Journal Article: How to Not be a D#@% to Your Cat

IMG_2540Have you ever considered that cats, creatures that we commonly deem to call “owned”,  are a totally different species to ours?  Because cats are relatively common aspects of our households, the fact that their needs to totally unrelated to our own frequently goes overlooked. Dr. Meghan Herron and Dr. Tony Buffington published recommendations for cat owners to provide good health and welfare for their feline friends. Furthermore, ensuring good health and welfare can pre-empt or ameliorate many cat behavior problems! The authors divide their advice into five systems in a cat’s world: physical resources, nutrition, elimination, social, and behavior. My summary of these experts’ recommendations for each system is below!

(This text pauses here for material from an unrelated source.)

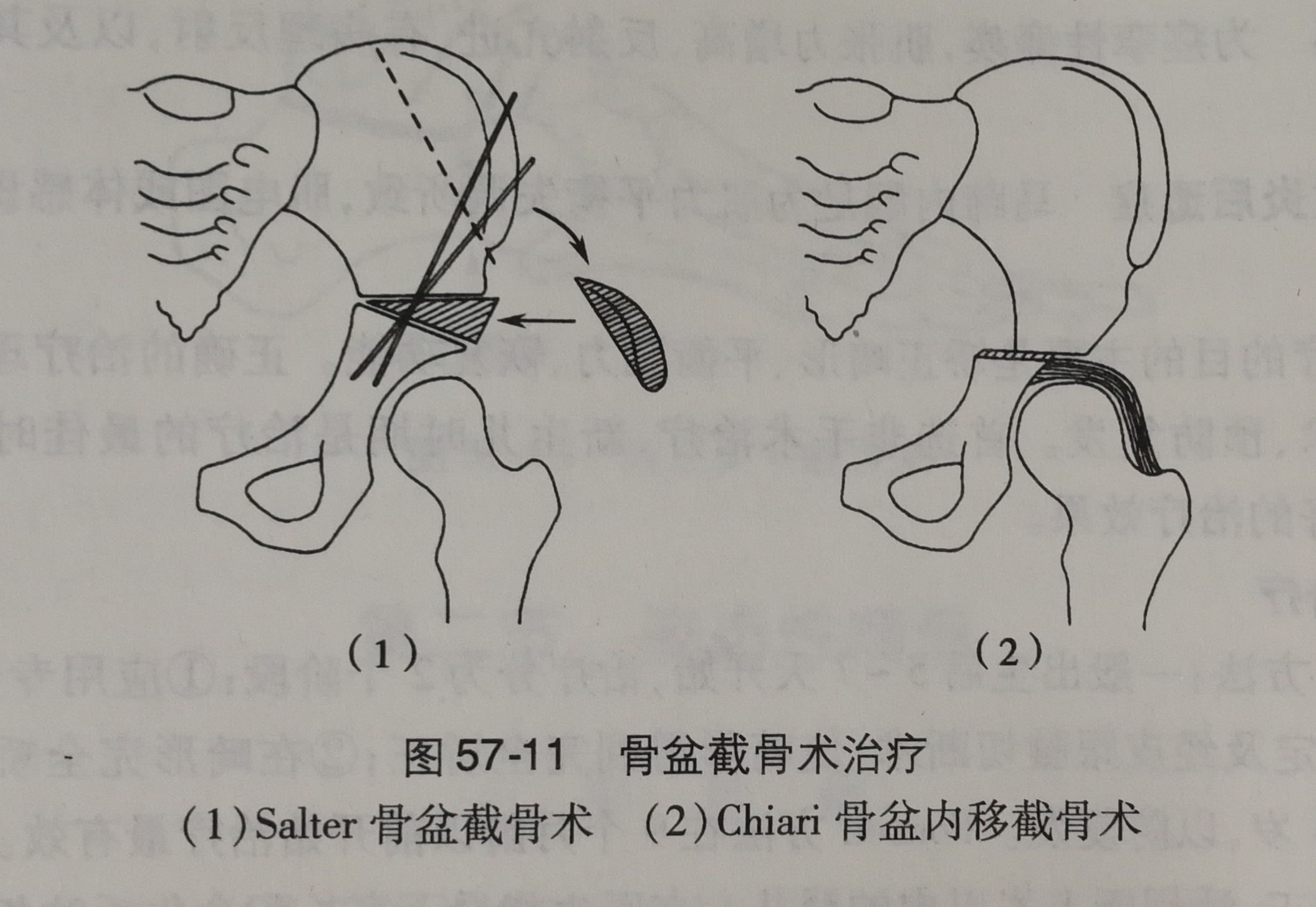 常采用放弃复位的姑息手术,如骨盆内移截骨(chiar)术(见上图右侧图)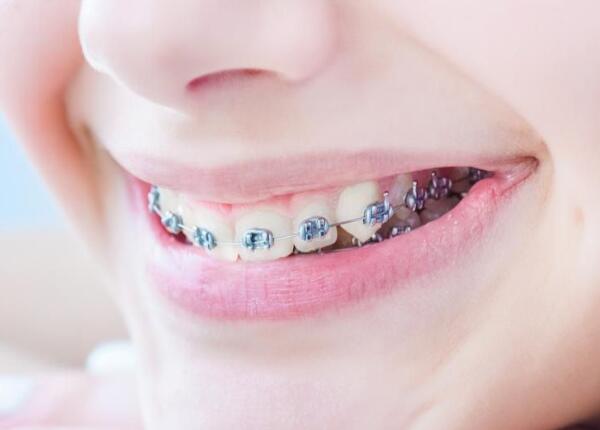 戴了牙套可以用電動牙刷嗎？戴牙套的人群必看！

  • Physical Resource System (Home!)
    • Indoor cats benefit from secure, seclusive “microenvironments”. These are spaces that a cat can go to be away from loud noises, other home inhabitants (both four- and two-legged), and removed from other things that may stress the cat.
    • Multi-cat households may experience a range of cat-on-cat sociality. Cats may prefer a social distant from other cats in the home of between 1 to 3 meters, which includes both horizontal as well as vertical distance!
    • Introducing something new to the cat – food, litter, etc. – should be offered near to the current whatever is being replaced so the cat can choose the preferred item.
  • Nutritional System (Nom noms)
    • Cats are solitary hunters of small prey, so offering food in puzzles that must be manipulated by the cat to release food away from other animals in the household may mimic cats’ natural feeding habits.
    • Cats that are “finicky” about their food may be responding to a perceived threat in their environment.
    • Offering multiple sources of water, including running water from a pet fountain, may benefit cats.
  • Elimination System (When you gotta go…)
    • Multi-cat households should have at least one litter box per cat, plus one additional, kept out of sight of other littler boxes.
    • Covered, self-cleaning, or too small litter boxes may disrupt a cat’s normal elimination behavior routine, which may cause inappropriate elimination (i.e., going outside the box)
    • Cats seem to prefer clumping litter, which should be scooped daily, the entire contents should be dumped weekly, and cleaned with mild soap and water monthly.
  • Social System (You talkin’ to me?)
    • Other living creatures in cats’ environments basically fall into three categories: threats (dogs, humans); competitors (other cats); and prey (birds, fish, pocket pets).
    • Having a perception of control can decrease stress for cats: let cats determine the timing and location of interactions with other species (as safety permits).
    • Multi-cat households may experience inter-cat aggression to due a multitude of reasons: health problems, inadequate resources/space, social status conflicts due to other animals inside or outside the home, etc.
    • Cats may prefer avoidance (silent conflict) to aggression (open conflict).
    • Cats that experience conflict may never be best friends but can usually learn to live together tolerably, sometimes with the help of a certified behaviorist.
  • Behavioral System (A cat’s gotta do…what a cat’s gotta do)
    • Cats must be permitted to display normal behavior to ensure adequate welfare but many normal cat behaviors can be “undesirable” to owners, including scratching, chewing and playing.
    • Directing otherwise “undesirable” towards desirable outlets provides an enriched environment, which can be accomplished by providing outlets that appeal to the cat’s natural behavior.
    • Cats prefer to scratch things after rest and that allow them to hook their claws into it. Poles covered in sisal rope or real wood logs may be good options, placed near common sleeping areas.
    • Cats can be enticed to chew on cat-designated plants (such as live catnip) by rubbing the plants with tuna or wet cat food, and likewise discouraged from chewing non-cat-designated plants by spraying them bitter sprays from pet stores. Pet toxic plants should be removed from cats’ access!
    • Providing a rotating variety of toys (wand toys, stuffed toys, battery-operated self-propelling toys, balls, cat-nip filled toys, laser toys, etc.) will encourage normal cat behaviors like pouncing, stalking, chasing, and biting of said toys (and discourage those same behaviors direct toward the owner’s hands/feet/etc!).

Sources Cited 

Herron ME, Buffington CAT. Environmental Enrichment for Indoor Cats.Compendium (Yardley, PA). 2010;32(12):E4.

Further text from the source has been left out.